O Governo Federal tem tratado o Fundo de Previdência Complementar do Servidor Público (Funpresp) como prioridade política para o país. O fundamento da proposta é a afirmação de que a previdência social das aposentadorias do setor público acumularia déficit, mas não é de hoje que o Governo tem fabricado artimanhas orçamentárias para justificar rombos na previdência.

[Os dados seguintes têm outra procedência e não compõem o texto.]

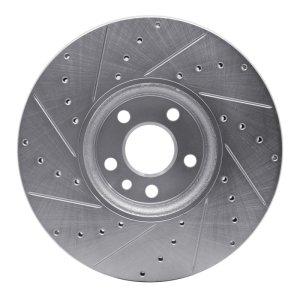 Volvo XC60 Brake Rotor (1) - Front Right - R1 Concepts - Drilled & Slotted - Silver - `10-`16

Veja-se, como exemplo, a previdência pública. A previdência, por natureza, deve ter caráter contributivo, motivo pelo qual tudo aquilo que não houver uma retribuição pecuniária para a prestação de um serviço ou benefício não pode ter natureza previdenciária, mas não é isso o que ocorre na realidade. Há diversos benefícios pagos pelo Governo Federal que não possuem qualquer natureza previdenciária, mas que são orçamentariamente alocados na conta da previdência social.

Pode-se citar como exemplo o Benefício de Prestação Continuada da Assistência Social (BPC-LOAS) e os benefícios destinados ao segurado especial, comumente conhecido como rurícola. Nesses dois casos o cidadão fará jus a um benefício, desde que cumprido certos requisitos, sem ter feito qualquer contribuição à previdência. Essa é a prova cabal de que há benefícios evidentemente assistenciais que estão sendo pagos pelo caixa da previdência social.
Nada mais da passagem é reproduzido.